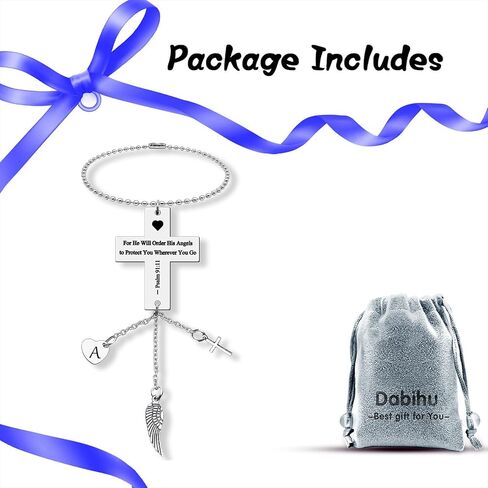Bible Verse Hanging Ornaments Christian Initial A Rear View Mirror Hanging Accessories Scripture Religious Faith Gift in Saudi Arabia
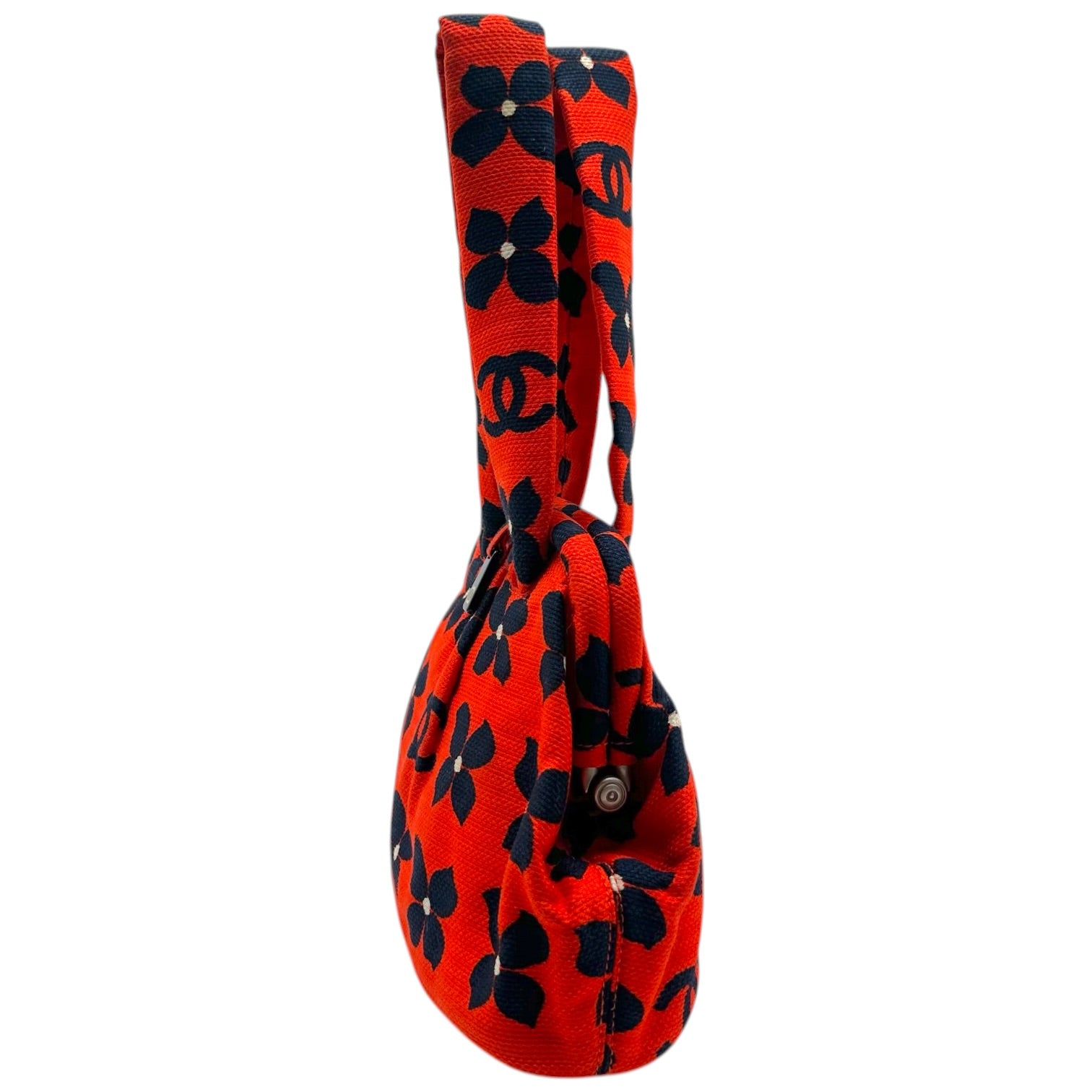 Chanel Kisslock Handbag Bright Red Navy Clover Print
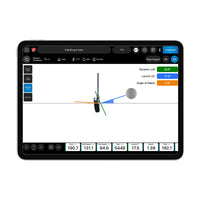 FlightScope tablet display showing golf swing analysis software with club and ball vectors premium golf training equipment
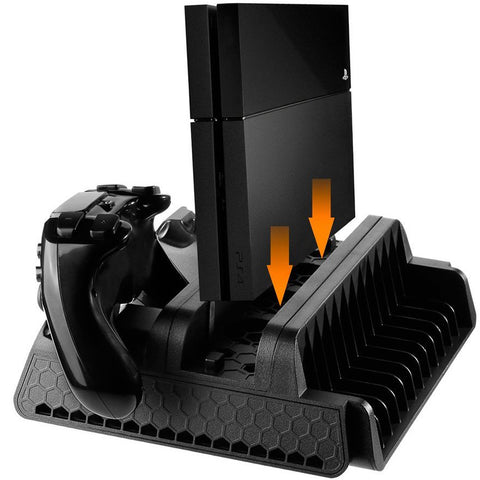 PS4 Series Vertical Stand with Cooling Fan and Dual Controllers Charging Station for PS4/PS4 Slim/PS4 Pro,3 Built-in Cooling Fan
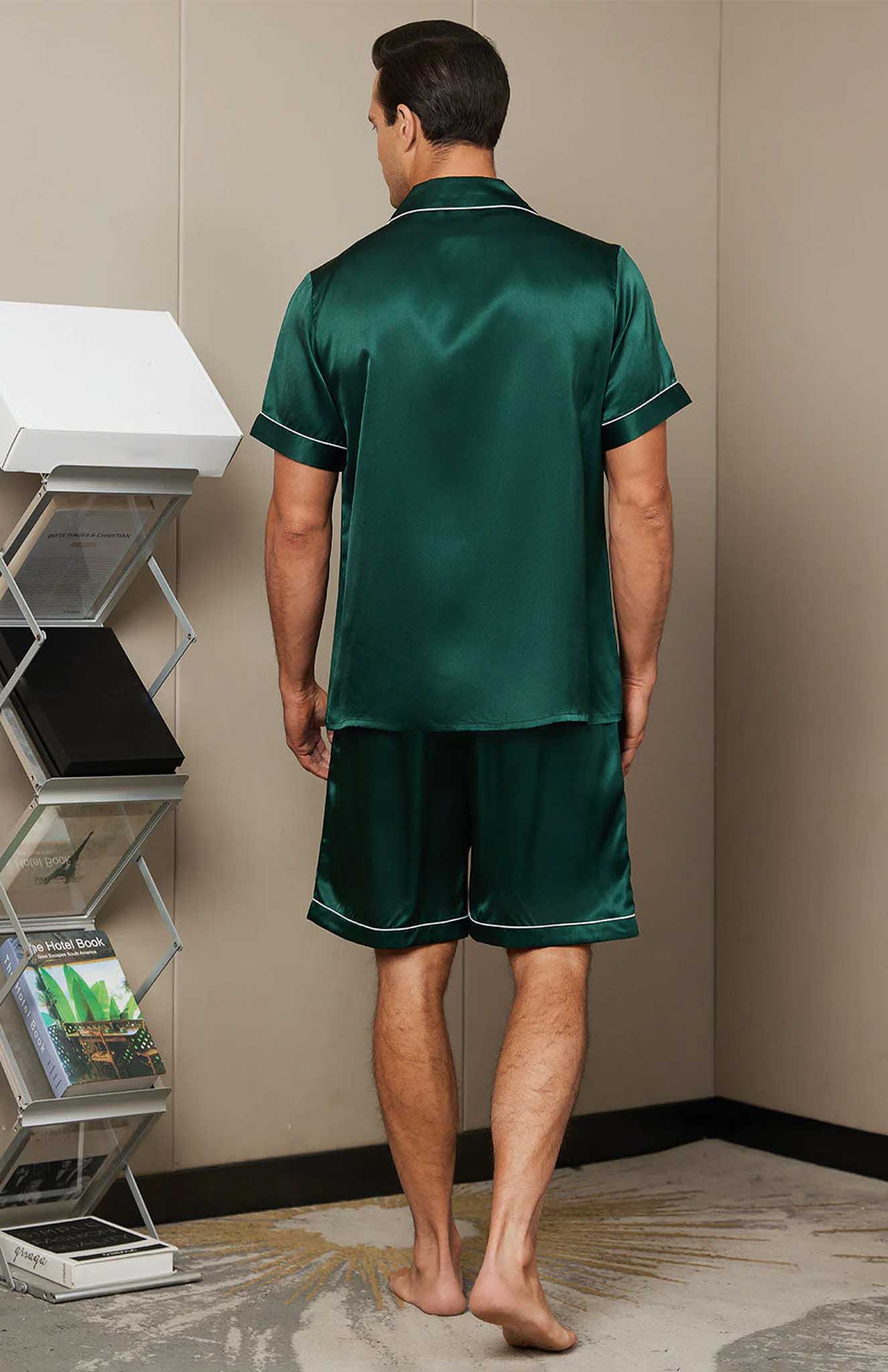 Glorious Green Satin Loungewear Set | Shorts and short Co-ord Set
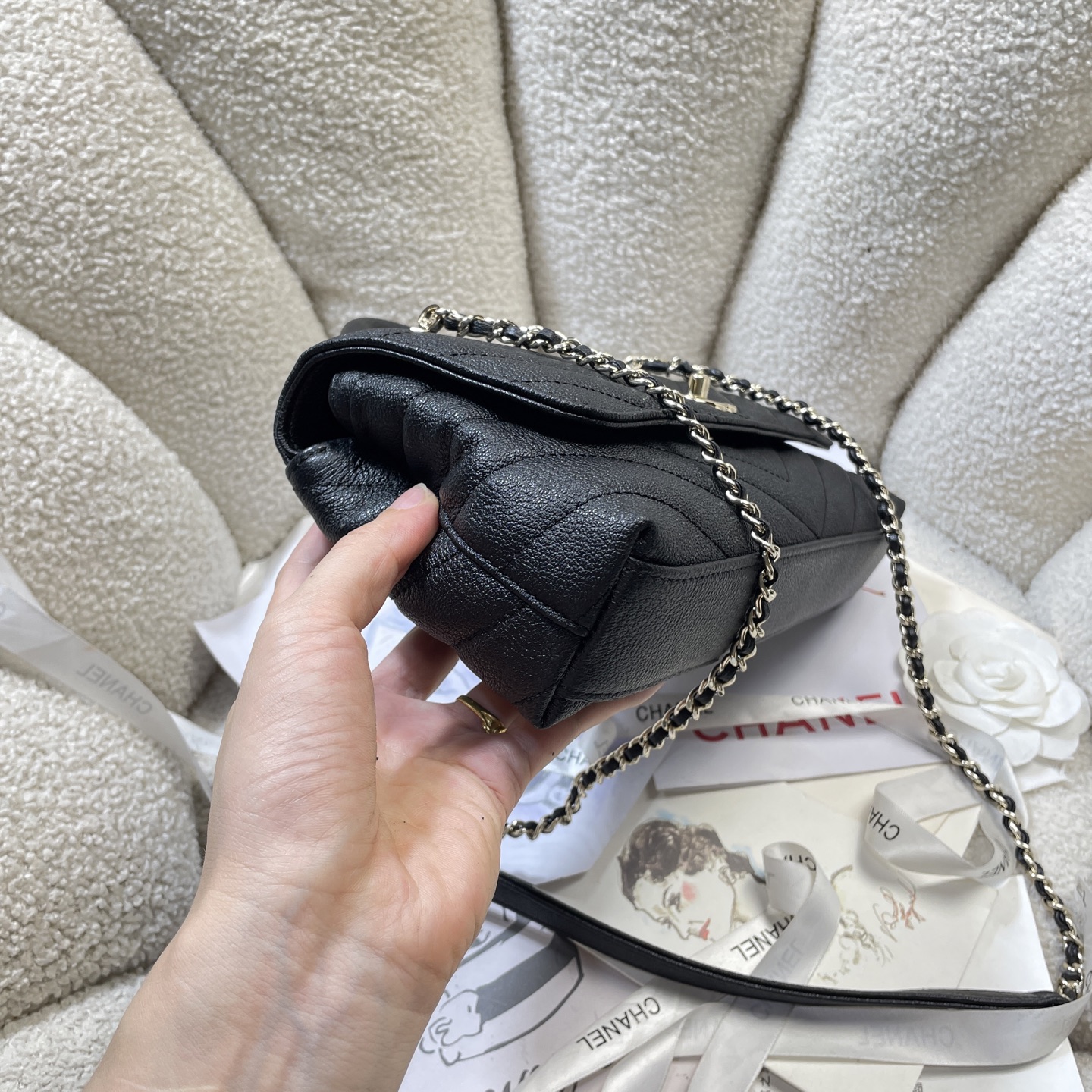 Chanel Style Black Leather Chain Bag Bags Chain Bag detail image 3 from source 785938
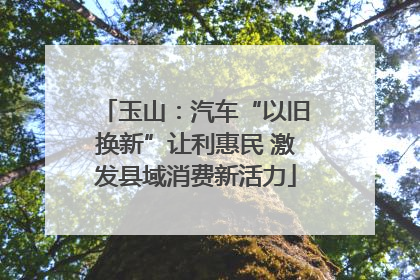 玉山：汽车“以旧换新”让利惠民 激发县域消费新活力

+ + +

Exercise description >> From the records above, output only the lines starting at the one containing "Chanel Kisslock Handbag" and ending at the one containing "FlightScope tablet display", word for word. Pictures stay out.

Solution to the exercise >>
 Chanel Kisslock Handbag Bright Red Navy Clover Print
 FlightScope tablet display showing golf swing analysis software with club and ball vectors premium golf training equipment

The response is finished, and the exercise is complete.